Do you offer make-up lessons? 

Yes, but on a limited basis. I only offer make-up lessons when another student cancels or I have an opening in my weekly teaching schedule due to not having a student at that particular time. See the studio policy page for more details. Provided a make-up time is available, rescheduling is easy and can be done through this website using the calendar once a student is logged in. 

What styles of music are you most proficient in? 

Various forms of rock (progressive, metal, alternative, pop, country, etc.), blues, and jazz.

Do you teach group classes or just private lessons? 

I teach group classes as well, mostly on supplemental, extra topics that we don't always have time for in regular lessons. Some are multi-week such as music theory & ear-training, but there are also a few one-day classes on various topics like Effects Pedals (history, how they work, what the different ones do, etc.) and Guitar Maintenance (how to restring your guitar, clean it, etc). To see more details on theses classes, see the classes page. Finally, we often run a week-long summer camp or two each year at Rocky's Music Studio where we get kids together of various instruments and focus on learning the history, technique, etc. of a particular style of music whether that be jazz, blues, rock, etc. 

Do you teach classical? 

No. While I have some experience having studied some classical guitar in the past, I don't feel proficient in it enough to teach it well. However, if you're interested in classical, I can recommend you to a few terrific teachers who specialize in that style. 
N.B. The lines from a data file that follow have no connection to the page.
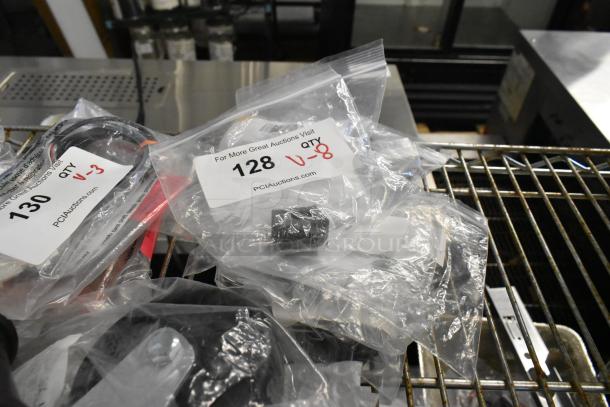 8 brand new packaged parts, including Lincoln sleeves and bearings, Cleveland and Giles switches, and Globe thermostat. Labels show "128 qty V-8" for identification.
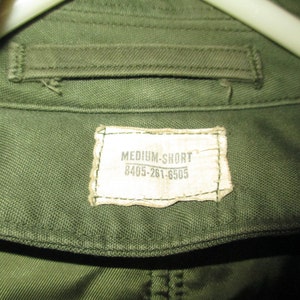 May include: A green cotton shirt with a white tag that reads "MEDIUM-SHORT 8405-261-6505".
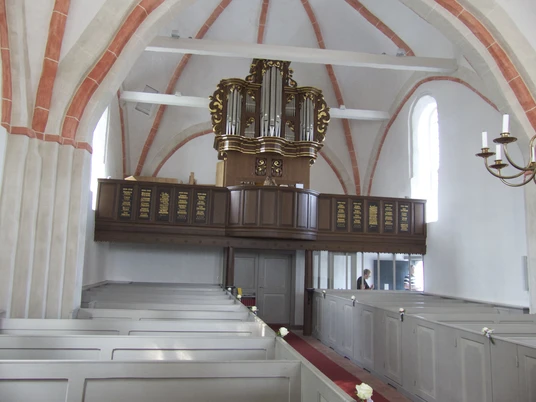 Kirche mit Orgel in Canum Innenraum der Kirche Canum mit hölzerner Orgel auf der Empore und hellgrauen Sitzbänken.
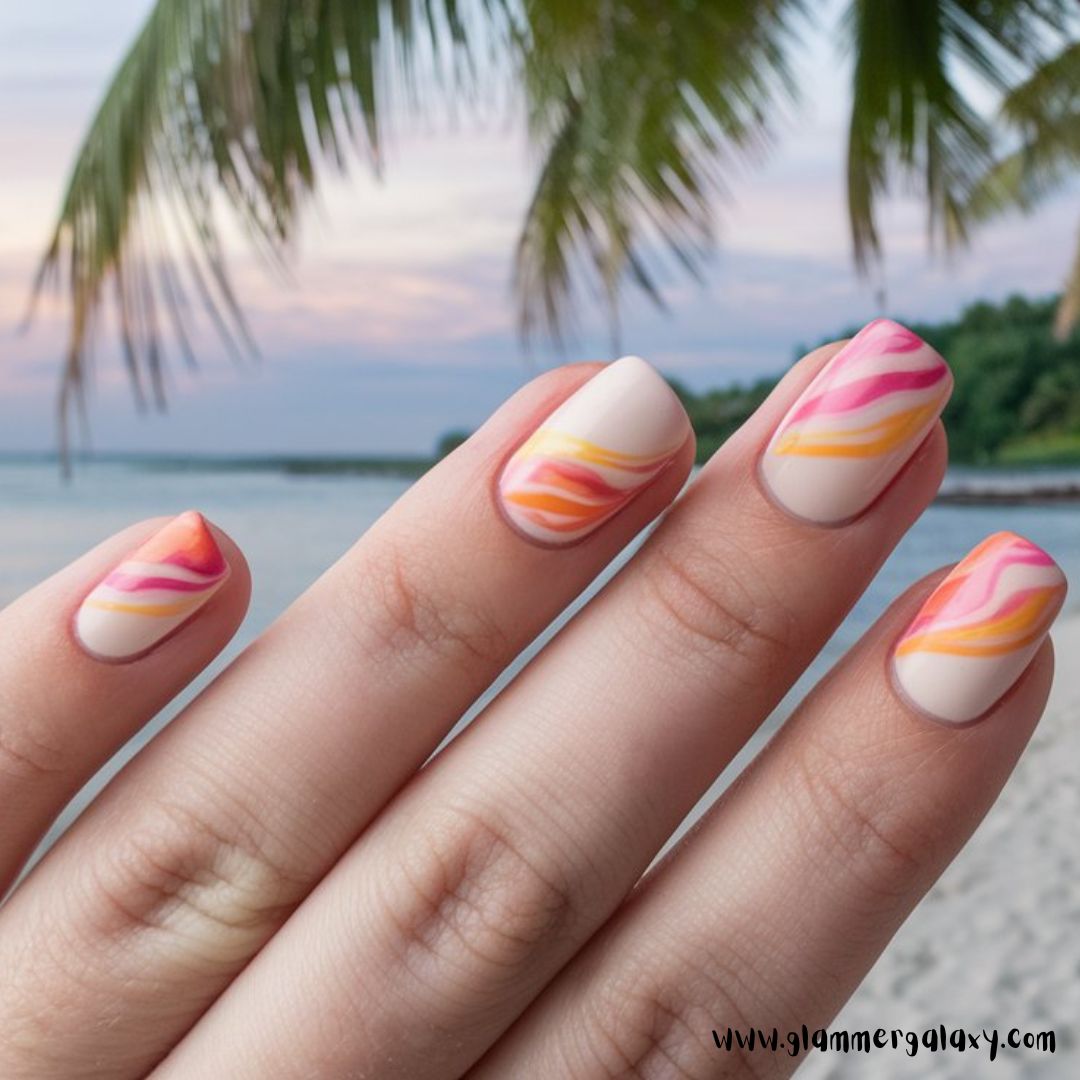 Classy Vacation Nails having Swirly Sunset Hues
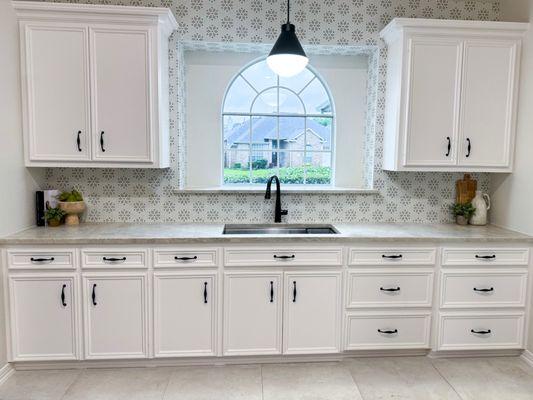 Refresh your kitchen with new additions.
We painted cabinets, installed new countertops, sink faucet, backsplash, pendant light and handles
Do you teach bass guitar? 

No. Like classical guitar, I have some experience, but not enough to feel comfortable teaching it. Also, even though bass is similar to guitar in a lot of ways, playing the role of the bass player and thinking like one are very different than the guitar. I think like a guitar player! Again, I can recommend you to some great teachers if you are interested in bass. 

Do you teach your students how to read music? 

A controversial topic indeed! My answer: Yes, but with older adult students who are simply playing for recreation and don't have much time to practice due to their busy schedules, I don't require it and leave the option up to the student as I don't think it is as important as it is for younger students.  I still encourage it, but if he/she has no interest, than that is fine. With younger students and teenagers, I think it is important to learn how to read and so we will spend at least a few minutes of each lesson on it. Many young students could care less about reading when they start and are interested in just playing songs. However, I find as students grow older and mature, they develop a taste for different types of music like jazz for instance. So now, maybe they want to play in jazz band. Well, there are no tabs in jazz band. You must learn to read a chart, otherwise you won't be playing! When the audition comes up, these students find that they are able to pass no problem because they had been working on their reading skills a little bit each week.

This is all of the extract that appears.